Lucky for us, we can skip the L1 stage. Page table entries are a full 64-bits in size, but they only ever use the high-order bits. They don't use the low-order bits, except as status flags. The lowest bit is a flag that means "skip the next level". This is showing in the following diagram, where the L2 lookup leads directly to a 2-megabyte page, rather than than to an L1 lookup to a 4096 byte page:
Likewise, the L2 can be skipped in when using 1-gigabyte pages. I haven't read the necessary documentation, but I assume that the L3 could also be skipped for 0.5-terabyte pages. Whether or not CPUs support that today, they'll probably support that 10 years from now.

All operating systems support the large pages. On Windows, use "VirtualAlloc()" with the flag "MEM_LARGE_PAGES". On Linux, compile the kernel with CONFIG_HUGETLBFS and use the call "mmap()".
The problem is that you may not be able to allocate 10-gigabytes worth of large pages. That's because as the operating system runs, it's constantly allocating/freeing the smaller 4096 byte pages, spreading them throughout the system. There may not be enough contiguous memory left to satisfy your request. (On Linux, you can set a boot option to allocate the memory for huge pages before this happens).

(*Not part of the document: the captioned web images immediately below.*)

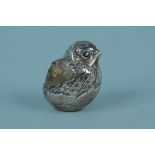 A silver pin cushion of chick form, Chester hallmarked,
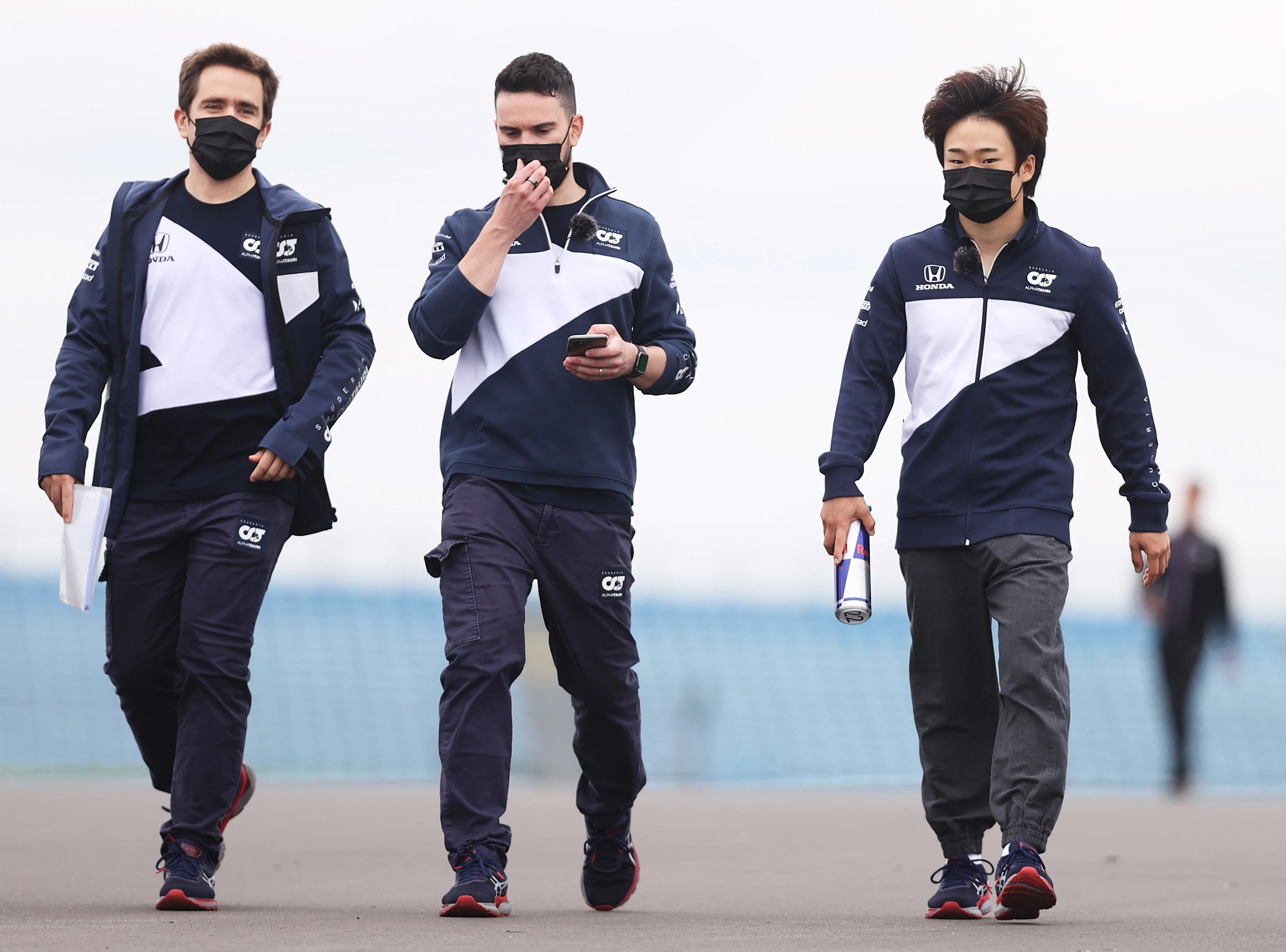 NORTHAMPTON, ENGLAND - JULY 15: Yuki Tsunoda of Japan and Scuderia AlphaTauri walks the track
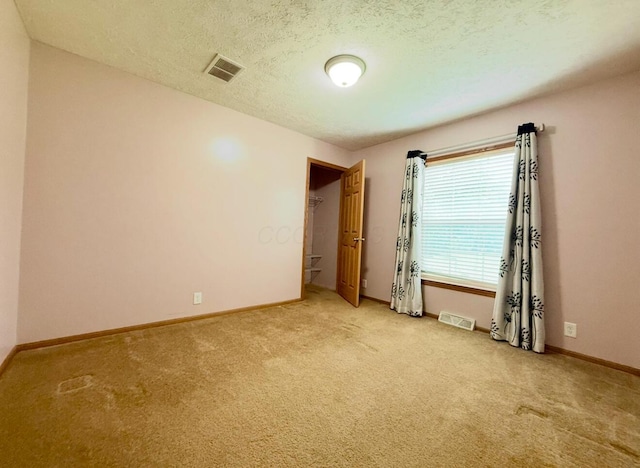13944 Lafayette Rd, Utica, OH 43080 - carpeted spare room with baseboards and a textured ceiling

There is a downside the large memory pages. They can't be swapped of memory. Also, consider something like Apache that's constantly forking processes, setting "copy-on-write" bits in the page tables. Every fork forces a few 4096-byte pages to be copied, but now imagine how slow that would be if a couple 2-megabyte pages had to be copied for every fork. This means in general, small pages are better.

Fortunately, none of these disadvantages apply to our 10-gigabyte in-memory database. Indeed, had we not used large pages, we'd probably have configured the system to not page out that memory anyway.

Conclusion

This post describes an Internet-scale problem that can be serviced by desktop-scale hardware. The limiting factor isn't the hardware, but the software. With better software, we can tackle larger Internet-scale problems.

You can take any software, such as Nginx, BIND, SendMail, Snort, grab a tool like Intel's Vtune that monitors process-counters, create an Internet-scale workload to test them, and then see if virtual-memory issues like TLB-misses are a problem, and if so, change the memory allocators to large pages in appropriate places.

Update: Note that I haven't discussed the TLB (Translation Lookaside Buffer). This page walk is too expensive to do for every memory access, so the TLB acts as a cache of recent translations. Relative to cache misses, it isn't a huge problem, but we should think about being friendly to the TLB as well as the cache.



I drew the above diagrams using JavaScript and HTML5. For you enjoyment, I'm embedding the JavaScript code here:

2 comments:

Jess said...

This is almost too trivial to point out, but "If we allocate that large 10-gigabyte chunk as 5000 2-gigabyte..." should probably be "If we allocate that large 10-gigabyte chunk as 5000 2-MEGAbyte..."

Robert Graham said...

Bah, megabyte, gigabyte, what's the difference? Thanks, I'll go fix that.